## TASK ITEM
With nothing omitted, transcribe the entries exactly as written.

[RECORDS SHOWN]

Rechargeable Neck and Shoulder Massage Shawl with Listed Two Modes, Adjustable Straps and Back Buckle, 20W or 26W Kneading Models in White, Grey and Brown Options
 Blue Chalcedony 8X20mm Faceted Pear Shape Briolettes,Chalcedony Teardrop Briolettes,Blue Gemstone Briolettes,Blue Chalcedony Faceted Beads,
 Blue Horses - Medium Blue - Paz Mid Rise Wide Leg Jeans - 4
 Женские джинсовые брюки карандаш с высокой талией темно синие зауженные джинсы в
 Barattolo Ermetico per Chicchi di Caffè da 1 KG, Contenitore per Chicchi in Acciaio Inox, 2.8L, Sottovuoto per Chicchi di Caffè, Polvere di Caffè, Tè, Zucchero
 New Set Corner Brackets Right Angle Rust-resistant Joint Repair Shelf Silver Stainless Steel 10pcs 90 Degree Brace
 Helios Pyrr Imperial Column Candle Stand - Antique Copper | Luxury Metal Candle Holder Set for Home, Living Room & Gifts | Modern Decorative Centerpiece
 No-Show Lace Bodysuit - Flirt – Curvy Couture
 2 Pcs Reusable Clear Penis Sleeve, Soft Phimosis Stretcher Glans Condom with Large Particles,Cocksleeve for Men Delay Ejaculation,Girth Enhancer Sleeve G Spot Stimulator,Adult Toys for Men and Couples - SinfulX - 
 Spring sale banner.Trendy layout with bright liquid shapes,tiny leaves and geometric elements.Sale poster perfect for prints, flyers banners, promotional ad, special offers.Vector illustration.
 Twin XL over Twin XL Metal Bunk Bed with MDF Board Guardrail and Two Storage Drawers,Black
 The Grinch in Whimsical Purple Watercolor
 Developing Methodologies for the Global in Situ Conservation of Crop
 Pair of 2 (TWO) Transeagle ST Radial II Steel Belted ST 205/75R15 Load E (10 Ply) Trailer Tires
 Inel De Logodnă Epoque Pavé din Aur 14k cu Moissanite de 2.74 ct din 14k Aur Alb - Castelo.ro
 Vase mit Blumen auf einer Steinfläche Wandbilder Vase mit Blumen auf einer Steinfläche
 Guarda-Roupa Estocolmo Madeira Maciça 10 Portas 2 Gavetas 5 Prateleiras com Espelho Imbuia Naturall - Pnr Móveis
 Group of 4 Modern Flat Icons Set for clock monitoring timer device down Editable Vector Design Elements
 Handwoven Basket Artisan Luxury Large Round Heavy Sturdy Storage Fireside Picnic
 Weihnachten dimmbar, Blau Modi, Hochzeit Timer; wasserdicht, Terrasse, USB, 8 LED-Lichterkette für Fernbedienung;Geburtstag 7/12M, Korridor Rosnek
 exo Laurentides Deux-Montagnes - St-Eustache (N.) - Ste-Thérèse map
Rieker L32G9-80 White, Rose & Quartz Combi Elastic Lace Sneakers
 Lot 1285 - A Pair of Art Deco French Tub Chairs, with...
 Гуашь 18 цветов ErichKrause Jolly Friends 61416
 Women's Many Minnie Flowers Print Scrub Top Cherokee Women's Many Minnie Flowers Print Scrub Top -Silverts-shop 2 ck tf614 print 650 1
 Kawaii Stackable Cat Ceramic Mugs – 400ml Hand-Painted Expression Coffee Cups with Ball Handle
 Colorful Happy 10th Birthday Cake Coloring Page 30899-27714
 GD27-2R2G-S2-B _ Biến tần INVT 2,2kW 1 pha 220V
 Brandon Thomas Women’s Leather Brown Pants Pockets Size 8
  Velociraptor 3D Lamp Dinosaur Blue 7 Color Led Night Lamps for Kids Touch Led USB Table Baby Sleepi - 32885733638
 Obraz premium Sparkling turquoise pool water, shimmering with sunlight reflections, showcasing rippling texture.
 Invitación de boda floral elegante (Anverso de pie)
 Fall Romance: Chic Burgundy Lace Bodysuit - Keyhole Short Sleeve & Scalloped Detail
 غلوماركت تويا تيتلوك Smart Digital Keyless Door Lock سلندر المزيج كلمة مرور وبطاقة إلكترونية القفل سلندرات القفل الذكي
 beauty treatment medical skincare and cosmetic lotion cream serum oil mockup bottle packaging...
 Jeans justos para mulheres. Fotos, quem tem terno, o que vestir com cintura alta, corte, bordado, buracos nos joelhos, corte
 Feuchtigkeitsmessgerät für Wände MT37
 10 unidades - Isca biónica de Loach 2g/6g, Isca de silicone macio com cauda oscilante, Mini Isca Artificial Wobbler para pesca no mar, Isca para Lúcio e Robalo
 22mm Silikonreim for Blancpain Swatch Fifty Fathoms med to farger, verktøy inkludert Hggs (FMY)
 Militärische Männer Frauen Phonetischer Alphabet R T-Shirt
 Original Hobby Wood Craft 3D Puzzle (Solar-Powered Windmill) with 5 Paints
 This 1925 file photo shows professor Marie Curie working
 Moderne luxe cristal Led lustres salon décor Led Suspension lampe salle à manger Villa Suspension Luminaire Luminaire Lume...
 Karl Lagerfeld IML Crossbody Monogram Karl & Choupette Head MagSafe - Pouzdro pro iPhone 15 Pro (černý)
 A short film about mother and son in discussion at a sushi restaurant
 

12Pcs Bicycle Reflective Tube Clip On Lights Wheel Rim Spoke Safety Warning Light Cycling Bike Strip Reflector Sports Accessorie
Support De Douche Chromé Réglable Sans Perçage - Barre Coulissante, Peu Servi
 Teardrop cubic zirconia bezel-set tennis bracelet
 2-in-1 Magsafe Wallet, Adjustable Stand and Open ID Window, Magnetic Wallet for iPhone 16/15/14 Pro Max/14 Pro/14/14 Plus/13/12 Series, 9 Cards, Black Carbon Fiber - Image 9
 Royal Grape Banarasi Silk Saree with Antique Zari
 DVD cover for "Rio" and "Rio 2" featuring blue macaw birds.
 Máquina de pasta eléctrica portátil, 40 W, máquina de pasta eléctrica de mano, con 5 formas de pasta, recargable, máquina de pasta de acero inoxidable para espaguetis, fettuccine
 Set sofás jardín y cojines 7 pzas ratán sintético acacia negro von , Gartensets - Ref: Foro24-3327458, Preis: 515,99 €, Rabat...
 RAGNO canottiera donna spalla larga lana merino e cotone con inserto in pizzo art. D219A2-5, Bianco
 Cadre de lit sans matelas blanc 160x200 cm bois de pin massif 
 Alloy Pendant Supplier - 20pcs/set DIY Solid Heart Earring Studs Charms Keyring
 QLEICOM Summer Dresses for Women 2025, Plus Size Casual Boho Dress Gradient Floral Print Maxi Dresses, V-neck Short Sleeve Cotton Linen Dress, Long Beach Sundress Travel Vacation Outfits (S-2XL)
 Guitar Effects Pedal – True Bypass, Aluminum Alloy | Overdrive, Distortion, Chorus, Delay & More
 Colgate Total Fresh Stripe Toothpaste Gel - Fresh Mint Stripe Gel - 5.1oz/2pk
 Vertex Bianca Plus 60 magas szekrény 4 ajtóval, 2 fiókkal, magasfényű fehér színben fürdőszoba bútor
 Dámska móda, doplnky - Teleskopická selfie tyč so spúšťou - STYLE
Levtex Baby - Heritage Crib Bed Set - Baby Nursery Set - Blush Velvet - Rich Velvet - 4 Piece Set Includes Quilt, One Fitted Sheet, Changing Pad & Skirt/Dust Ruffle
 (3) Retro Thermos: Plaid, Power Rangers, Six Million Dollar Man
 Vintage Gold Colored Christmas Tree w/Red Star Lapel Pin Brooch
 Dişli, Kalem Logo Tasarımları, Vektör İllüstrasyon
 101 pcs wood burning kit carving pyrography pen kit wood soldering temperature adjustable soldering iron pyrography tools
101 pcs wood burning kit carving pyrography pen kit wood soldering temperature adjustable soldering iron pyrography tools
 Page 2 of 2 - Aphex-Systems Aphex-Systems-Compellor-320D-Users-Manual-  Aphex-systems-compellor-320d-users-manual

[/RECORDS SHOWN]

## EXERCISE ANSWER
Rechargeable Neck and Shoulder Massage Shawl with Listed Two Modes, Adjustable Straps and Back Buckle, 20W or 26W Kneading Models in White, Grey and Brown Options
 Blue Chalcedony 8X20mm Faceted Pear Shape Briolettes,Chalcedony Teardrop Briolettes,Blue Gemstone Briolettes,Blue Chalcedony Faceted Beads,
 Blue Horses - Medium Blue - Paz Mid Rise Wide Leg Jeans - 4
 Женские джинсовые брюки карандаш с высокой талией темно синие зауженные джинсы в
 Barattolo Ermetico per Chicchi di Caffè da 1 KG, Contenitore per Chicchi in Acciaio Inox, 2.8L, Sottovuoto per Chicchi di Caffè, Polvere di Caffè, Tè, Zucchero
 New Set Corner Brackets Right Angle Rust-resistant Joint Repair Shelf Silver Stainless Steel 10pcs 90 Degree Brace
 Helios Pyrr Imperial Column Candle Stand - Antique Copper | Luxury Metal Candle Holder Set for Home, Living Room & Gifts | Modern Decorative Centerpiece
 No-Show Lace Bodysuit - Flirt – Curvy Couture
 2 Pcs Reusable Clear Penis Sleeve, Soft Phimosis Stretcher Glans Condom with Large Particles,Cocksleeve for Men Delay Ejaculation,Girth Enhancer Sleeve G Spot Stimulator,Adult Toys for Men and Couples - SinfulX - 
 Spring sale banner.Trendy layout with bright liquid shapes,tiny leaves and geometric elements.Sale poster perfect for prints, flyers banners, promotional ad, special offers.Vector illustration.
 Twin XL over Twin XL Metal Bunk Bed with MDF Board Guardrail and Two Storage Drawers,Black
 The Grinch in Whimsical Purple Watercolor
 Developing Methodologies for the Global in Situ Conservation of Crop
 Pair of 2 (TWO) Transeagle ST Radial II Steel Belted ST 205/75R15 Load E (10 Ply) Trailer Tires
 Inel De Logodnă Epoque Pavé din Aur 14k cu Moissanite de 2.74 ct din 14k Aur Alb - Castelo.ro
 Vase mit Blumen auf einer Steinfläche Wandbilder Vase mit Blumen auf einer Steinfläche
 Guarda-Roupa Estocolmo Madeira Maciça 10 Portas 2 Gavetas 5 Prateleiras com Espelho Imbuia Naturall - Pnr Móveis
 Group of 4 Modern Flat Icons Set for clock monitoring timer device down Editable Vector Design Elements
 Handwoven Basket Artisan Luxury Large Round Heavy Sturdy Storage Fireside Picnic
 Weihnachten dimmbar, Blau Modi, Hochzeit Timer; wasserdicht, Terrasse, USB, 8 LED-Lichterkette für Fernbedienung;Geburtstag 7/12M, Korridor Rosnek
 exo Laurentides Deux-Montagnes - St-Eustache (N.) - Ste-Thérèse map
Rieker L32G9-80 White, Rose & Quartz Combi Elastic Lace Sneakers
 Lot 1285 - A Pair of Art Deco French Tub Chairs, with...
 Гуашь 18 цветов ErichKrause Jolly Friends 61416
 Women's Many Minnie Flowers Print Scrub Top Cherokee Women's Many Minnie Flowers Print Scrub Top -Silverts-shop 2 ck tf614 print 650 1
 Kawaii Stackable Cat Ceramic Mugs – 400ml Hand-Painted Expression Coffee Cups with Ball Handle
 Colorful Happy 10th Birthday Cake Coloring Page 30899-27714
 GD27-2R2G-S2-B _ Biến tần INVT 2,2kW 1 pha 220V
 Brandon Thomas Women’s Leather Brown Pants Pockets Size 8
  Velociraptor 3D Lamp Dinosaur Blue 7 Color Led Night Lamps for Kids Touch Led USB Table Baby Sleepi - 32885733638
 Obraz premium Sparkling turquoise pool water, shimmering with sunlight reflections, showcasing rippling texture.
 Invitación de boda floral elegante (Anverso de pie)
 Fall Romance: Chic Burgundy Lace Bodysuit - Keyhole Short Sleeve & Scalloped Detail
 غلوماركت تويا تيتلوك Smart Digital Keyless Door Lock سلندر المزيج كلمة مرور وبطاقة إلكترونية القفل سلندرات القفل الذكي
 beauty treatment medical skincare and cosmetic lotion cream serum oil mockup bottle packaging...
 Jeans justos para mulheres. Fotos, quem tem terno, o que vestir com cintura alta, corte, bordado, buracos nos joelhos, corte
 Feuchtigkeitsmessgerät für Wände MT37
 10 unidades - Isca biónica de Loach 2g/6g, Isca de silicone macio com cauda oscilante, Mini Isca Artificial Wobbler para pesca no mar, Isca para Lúcio e Robalo
 22mm Silikonreim for Blancpain Swatch Fifty Fathoms med to farger, verktøy inkludert Hggs (FMY)
 Militärische Männer Frauen Phonetischer Alphabet R T-Shirt
 Original Hobby Wood Craft 3D Puzzle (Solar-Powered Windmill) with 5 Paints
 This 1925 file photo shows professor Marie Curie working
 Moderne luxe cristal Led lustres salon décor Led Suspension lampe salle à manger Villa Suspension Luminaire Luminaire Lume...
 Karl Lagerfeld IML Crossbody Monogram Karl & Choupette Head MagSafe - Pouzdro pro iPhone 15 Pro (černý)
 A short film about mother and son in discussion at a sushi restaurant
 

12Pcs Bicycle Reflective Tube Clip On Lights Wheel Rim Spoke Safety Warning Light Cycling Bike Strip Reflector Sports Accessorie
Support De Douche Chromé Réglable Sans Perçage - Barre Coulissante, Peu Servi
 Teardrop cubic zirconia bezel-set tennis bracelet
 2-in-1 Magsafe Wallet, Adjustable Stand and Open ID Window, Magnetic Wallet for iPhone 16/15/14 Pro Max/14 Pro/14/14 Plus/13/12 Series, 9 Cards, Black Carbon Fiber - Image 9
 Royal Grape Banarasi Silk Saree with Antique Zari
 DVD cover for "Rio" and "Rio 2" featuring blue macaw birds.
 Máquina de pasta eléctrica portátil, 40 W, máquina de pasta eléctrica de mano, con 5 formas de pasta, recargable, máquina de pasta de acero inoxidable para espaguetis, fettuccine
 Set sofás jardín y cojines 7 pzas ratán sintético acacia negro von , Gartensets - Ref: Foro24-3327458, Preis: 515,99 €, Rabat...
 RAGNO canottiera donna spalla larga lana merino e cotone con inserto in pizzo art. D219A2-5, Bianco
 Cadre de lit sans matelas blanc 160x200 cm bois de pin massif 
 Alloy Pendant Supplier - 20pcs/set DIY Solid Heart Earring Studs Charms Keyring
 QLEICOM Summer Dresses for Women 2025, Plus Size Casual Boho Dress Gradient Floral Print Maxi Dresses, V-neck Short Sleeve Cotton Linen Dress, Long Beach Sundress Travel Vacation Outfits (S-2XL)
 Guitar Effects Pedal – True Bypass, Aluminum Alloy | Overdrive, Distortion, Chorus, Delay & More
 Colgate Total Fresh Stripe Toothpaste Gel - Fresh Mint Stripe Gel - 5.1oz/2pk
 Vertex Bianca Plus 60 magas szekrény 4 ajtóval, 2 fiókkal, magasfényű fehér színben fürdőszoba bútor
 Dámska móda, doplnky - Teleskopická selfie tyč so spúšťou - STYLE
Levtex Baby - Heritage Crib Bed Set - Baby Nursery Set - Blush Velvet - Rich Velvet - 4 Piece Set Includes Quilt, One Fitted Sheet, Changing Pad & Skirt/Dust Ruffle
 (3) Retro Thermos: Plaid, Power Rangers, Six Million Dollar Man
 Vintage Gold Colored Christmas Tree w/Red Star Lapel Pin Brooch
 Dişli, Kalem Logo Tasarımları, Vektör İllüstrasyon
 101 pcs wood burning kit carving pyrography pen kit wood soldering temperature adjustable soldering iron pyrography tools
101 pcs wood burning kit carving pyrography pen kit wood soldering temperature adjustable soldering iron pyrography tools
 Page 2 of 2 - Aphex-Systems Aphex-Systems-Compellor-320D-Users-Manual-  Aphex-systems-compellor-320d-users-manual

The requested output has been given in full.